Le cinéma allemand contemporain ne cesse d’innover en matière de fictions historiques. Celles-ci pouvaient jusque-là se répartir en deux catégories : la période du nazisme (La Chute, Walkyrie, Sophie Scholl), et « l’Ostalgie » de la RDA, qui fit le succès de Good Bye Lenin!, Le Tunnel et autres Sonnenallee.
Avec Fritz Bauer, un héros allemand, le réalisateur Lars Kraume nous propose un film de l’entre-deux, un film sur l’après-guerre, mettant en scène le célèbre juge de Francfort lancé dans la traque des responsables nazis, et en particulier d’Adolf Eichmann. Désigné comme l’un des artisans les plus acharnés de la « solution finale », ce dernier serait en effet réfugié en Argentine, coulant des jours paisibles à Buenos Aires sous une fausse identité. Confrontés alors au silence coupable d’une administration allemande au sein de laquelle se cachent d’anciens nazis reconvertis, Fritz Bauer et son collègue (fictif) Karl Angermann entreprennent de faire appel au Mossad pour arrêter Eichmann en vue de l’extrader vers l’Allemagne et de le juger comme il se doit.

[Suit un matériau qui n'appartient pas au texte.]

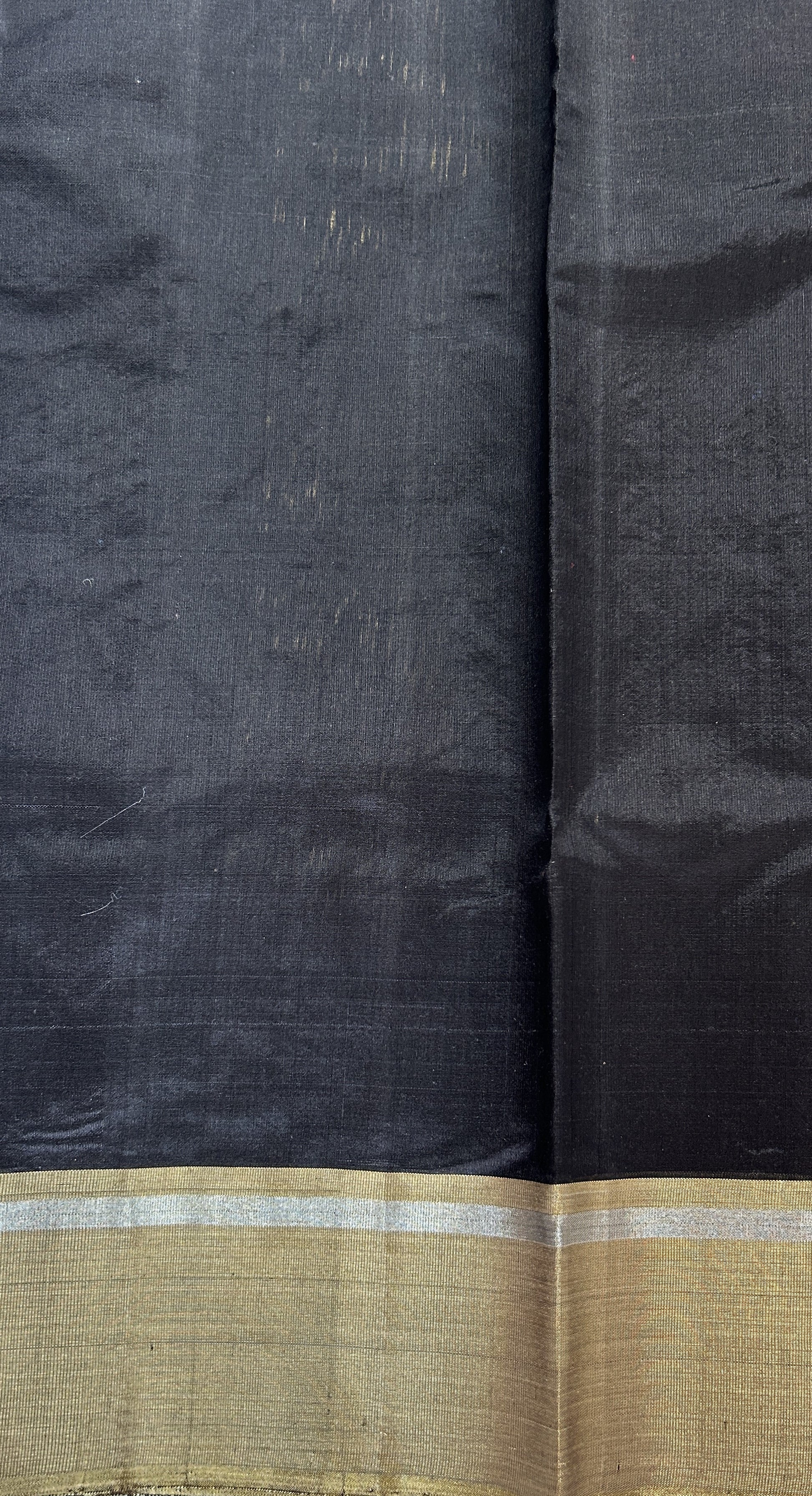 Chanderi Pattu Saree Black colored saree complemented with a Gold Zari border - Sampradaya Designer Studio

Construit comme un film d’espionnage à l’ancienne, feutré, bavard, mais instructif, Fritz Bauer se révèle un film passionnant à suivre en dépit de moyens conventionnels.
La déception vient très vite, cependant, de ce que le réalisateur cherche désespérément à lier la quête des deux héros à leur homosexualité – ainsi qu’avait pu le faire Morten Tyldum avec Imitation Game (lire notre article à ce sujet) –, celle-ci servant de moyen de pression pour l’administration allemande afin de convaincre Karl Angermann de saboter le travail de son ami Bauer. Angermann, bien entendu, s’y refusera finalement en allant de lui-même se livrer aux autorités locales (l’homosexualité était alors passible d’une peine de six mois de prison). Seule ombre au tableau : cet aspect du récit autour du sacrifice héroïque de Karl Angermann, grâce à qui le combat de Bauer sera rendu possible à la fin, est tout aussi fictif que son personnage !
Comme si les seuls faits historiques ne suffisaient plus à intéresser le spectateur, il fallait inventer une histoire de chantage.
Au-delà même de l’indécence qui consiste à récupérer une affaire historique d’envergure pour faire insidieusement du militantisme politique LGBT, le réalisateur en vient sans le vouloir à minimiser le mérite réel de Bauer au profit d’un comparse imaginaire ! Comparse dont il n’est fait nulle part mention, au générique, du caractère fictif !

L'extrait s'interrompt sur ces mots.